Among the British women in the elite race are Aly Dixon, Gemma Steel and Katrina Wootton.
Dixon competed in the marathon at this year’s World Championships, finishing 18th, while Steel was second in the 2015 Great North Run. Wootton’s 2017 highlight so far was a third place at the Great Manchester Run.
Brendan Foster, the founder of the Great North Run, is to be the official race starter.
Brendan, who recently retired from his commentary duties with the BBC said, “It will fulfil a long standing ambition to see the start of the Great North Run and wish everyone all the best.”
As ever, the Great North Run will be stacked with celebrity runners from the screen and stage, with TV presenter Davina McCall taking on the iconic half marathon for the first time.
Fitness blogger and endurance runner Susie Chan will participate, as will Olympians Gail Emms and Katharine Merry, with Katharine running as one of the Duracell Pacers.

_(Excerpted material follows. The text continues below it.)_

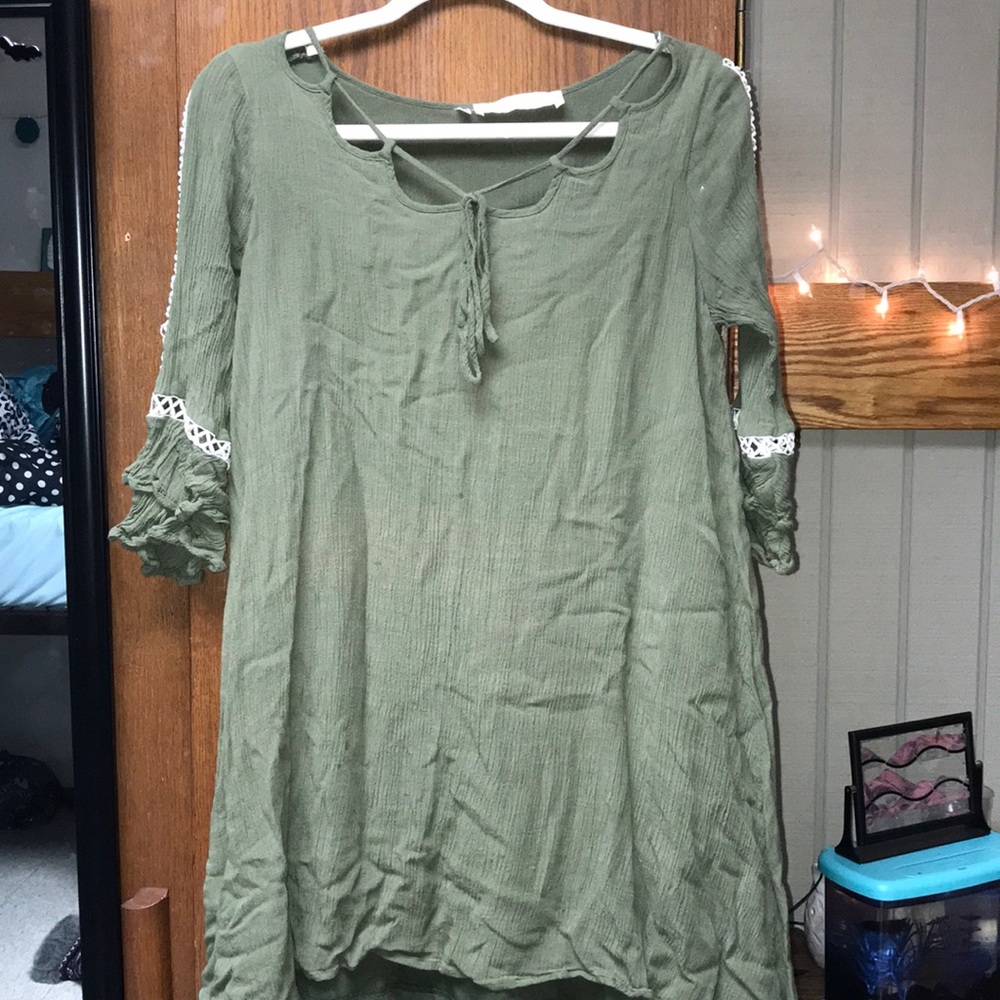 Green sun dress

On Sunday, more than 20,000 entrants will be raising money for their chosen charity, a record amount in the Simplyhealth Great North Run. Last year, an estimated £26million was raised for good causes from the event.
The Great North Run will be broadcast on BBC One from 9.30am until 1.30pm, with highlights on BBC Two at 6pm.
10:10 – Elite wheelchair race, 10:15 – Elite women and 10:40 – Elite men and masses start.